Non trivial solution of Fredholm integral equation of second kind with constant kernel

Question

Let us consider the following integral equation$$f(x) + \lambda \int_0^1 {K(s,x)f(s)ds = 0,{\text{ x}} \in {\text{(0}}{\text{,1)}}{\text{.}}} $$ I'm looking of the values of $\lambda$ so that the above equation has only $f=0$ as solution with a constant kernel.

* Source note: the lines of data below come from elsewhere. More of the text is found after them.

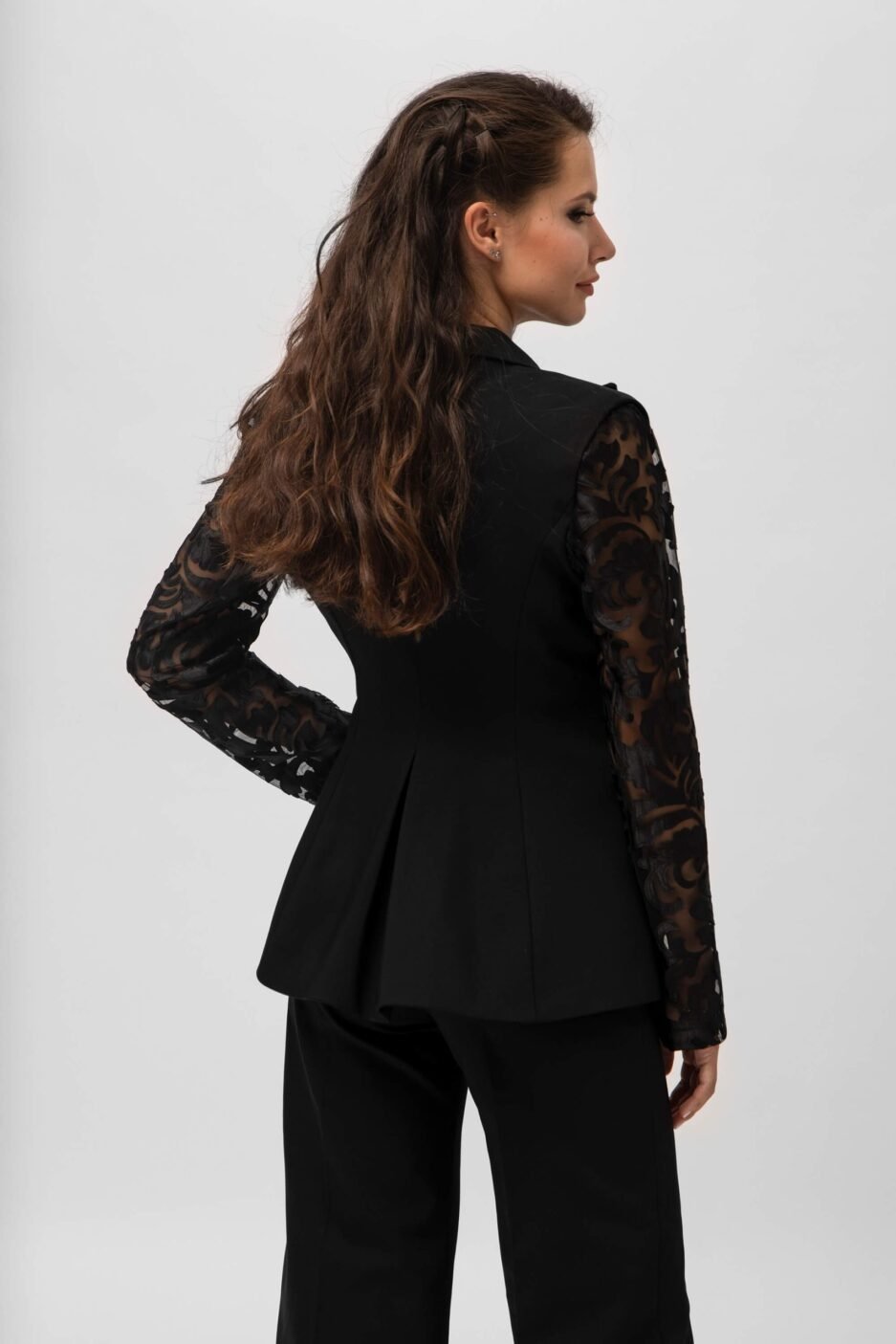 Women's suit Bradamande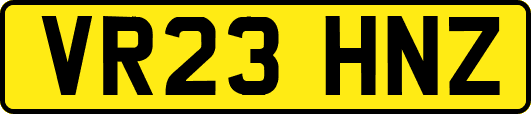VR23HNZ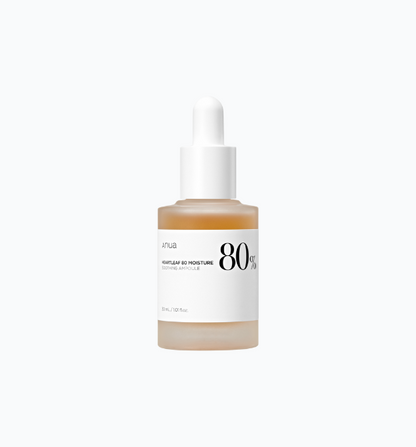 Heartleaf 80% Soothing Ampoule
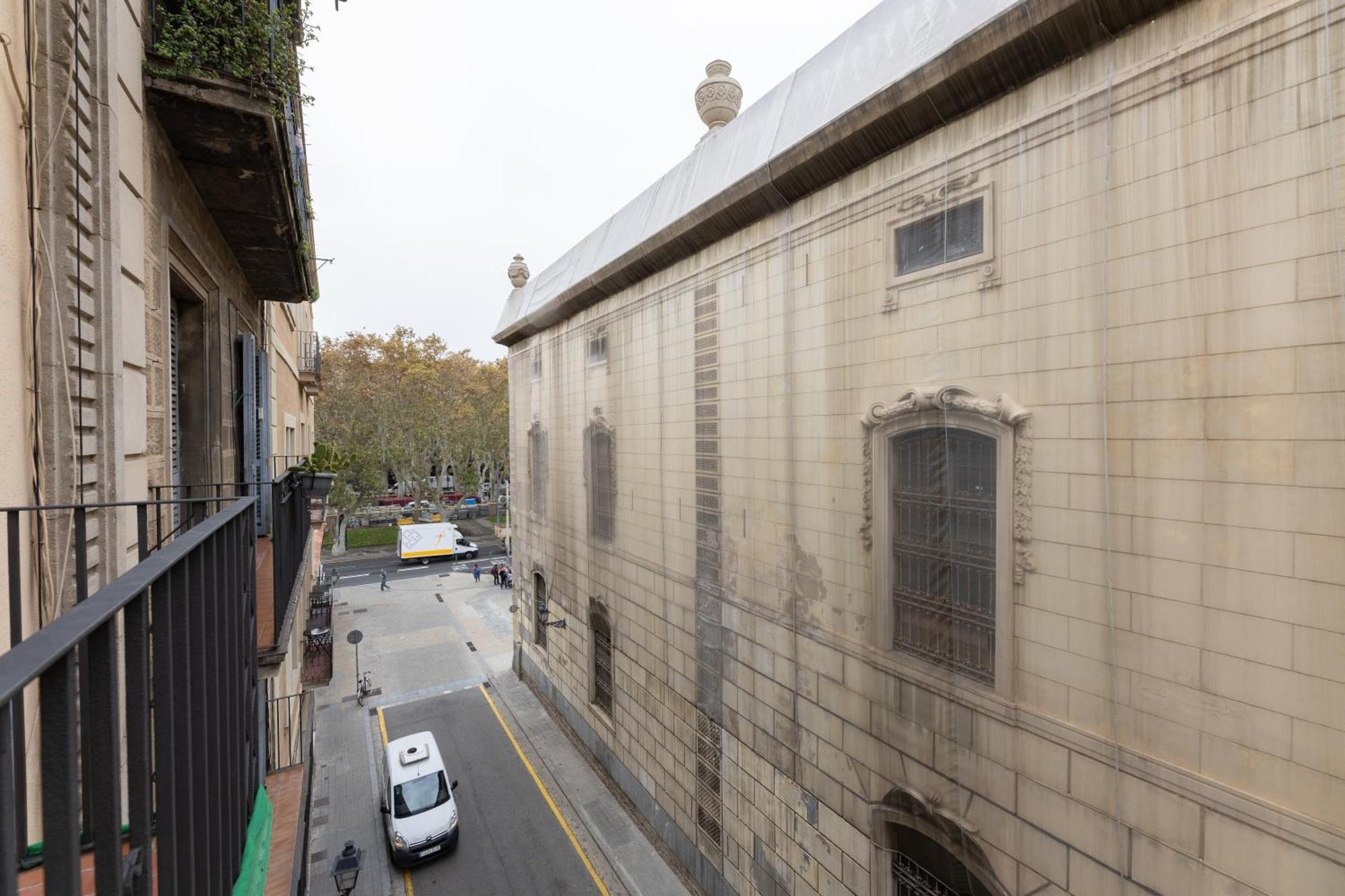 Hotel Lyon — Fotos 1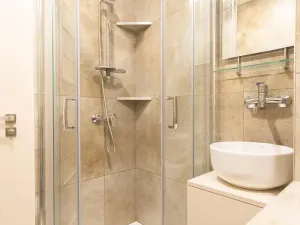 Pronájem bytu 1+1, Zlín, Družstevní, 35 m2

Suppose that $K(s,x)=K$, we obtain $$f(x) + \lambda K\int_0^1 {f(s)ds = 0,{\text{ x}} \in {\text{(0}}{\text{,1)}}{\text{.}}} $$ By taking the integral over $(0,1)$, we get $$(1 + \lambda K)\int_0^1 {f(s)ds = 0} $$. for all $f$. Now, if $\lambda$ is different of $-1/K$, then $$\int_0^1 {f(s)ds = 0} $$. I don't see how this can be helpful. Any suggestions?. Thank you.

Answer 1

Your step of taking the integral is too crude, at least initially. When you have $$ f(x)+\lambda K\int_0^1f(s)\,ds=0, $$ you can write this as $$ f(x)=-\lambda K\int_0^1f(s)\,ds $$ to conclude that $f$ is constant. If $\lambda=0$, you get $f=0$. If $\lambda\ne0$ and $\lambda\ne-1/K$, your trick of integrating again gives you that $\int_0^1 f=0$, so $f=0$.

When $\lambda=-1/K$ the solution is not unique, as any constant $f$ will be a solution.